The key is to build momentum, not perfection.
Step 4: Track Your Progress Daily
Consistency is more important than intensity. Even if you only complete a small version of your habit, track it. The goal is to build a streak of daily wins.
Step 5: Celebrate Small Wins
Each time you complete your habit, celebrate your success. This could be a mental pat on the back, a small reward, or simply acknowledging your progress.
Common Mistakes to Avoid When Habit Tracking
1. Tracking Too Many Habits at Once
Start small. Focus on one or two habits at a time. Tracking too many habits can feel overwhelming and lead to burnout.
2. Being Too Rigid
Life happens. If you miss a day, don’t beat yourself up. Instead, focus on getting back on track as soon as possible.
3. Focusing Only on Perfect Streaks
While streaks are motivating, don’t let a broken streak discourage you. Remember, progress is more important than perfection.
The Habit Tracking Challenge: Try It for 7 Days
Ready to build a new habit?
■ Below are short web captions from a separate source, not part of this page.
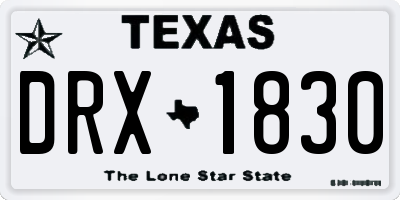 TX license plate DRX1830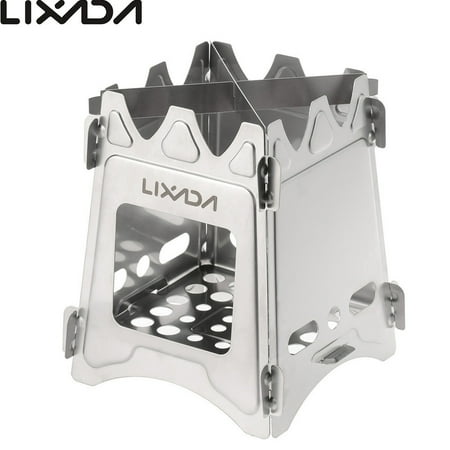Lixada Compact Folding Wood Stove For Outdoor Camping Cooking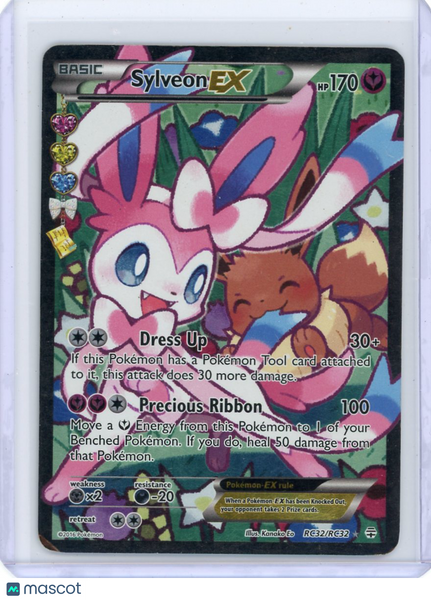 2016 Pokemon Sylveon EX Generations Radiant Collection Full Art RC32/RC32 Damage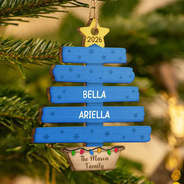 Sentimental,Christmas,Family,Custom Text - Custom Names Happy Family Tree - Personalized Custom Shaped Wooden Ornament
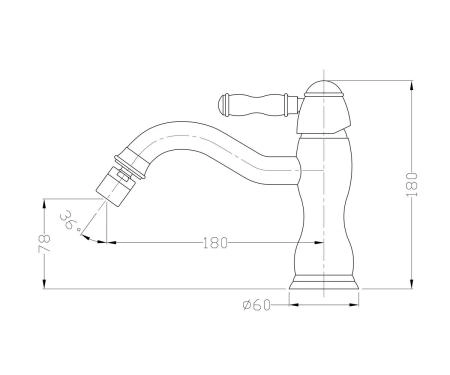 Смеситель для биде Bronze de Luxe Tiffany (1902BR) бронза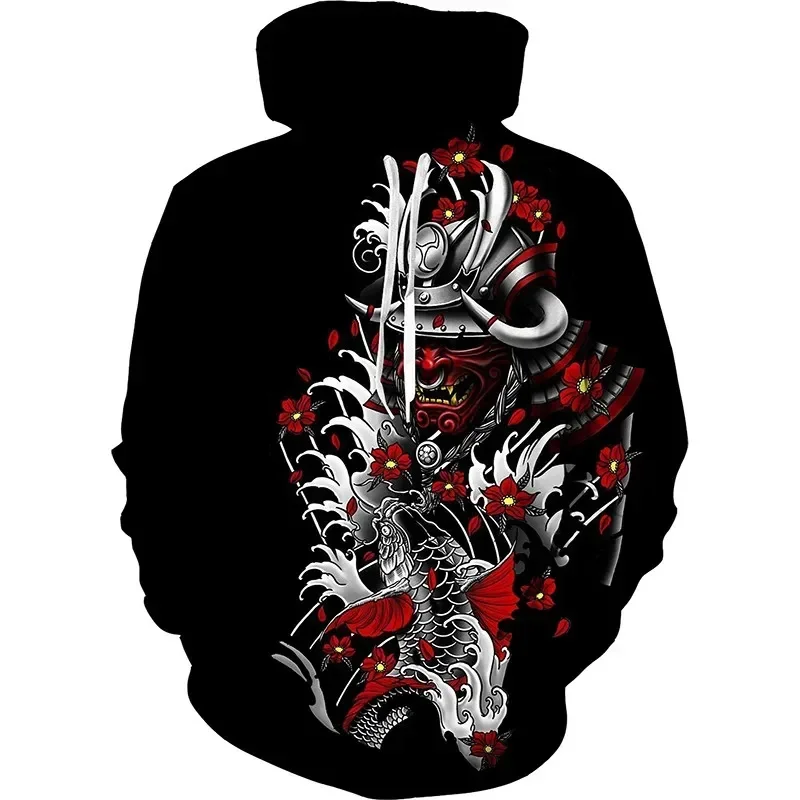 Men's Vintage Japanese Samurai Graphic Hoodies Autumn Winter Outdoor Street Casual Long Sleeve Tops Retro Harajuku Style Clothes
Here’s a simple challenge:
Choose one small habit you want to build.
Download a habit tracker (or use a journal).
Track your progress for 7 days straight.
Celebrate each day you complete your habit.
By the end of the week, you’ll likely find that your new habit feels more automatic — and you’ll be motivated to keep going.
Final Thoughts: Build Systems, Not Willpower
Habit tracking is more than just checking off boxes — it’s a system for building consistent, lasting change. When you understand the balance between motivation and activation, you set yourself up for long-term success.
Let’s keep building from last week’s post. What habit will you start tracking today? Let me know in the comments.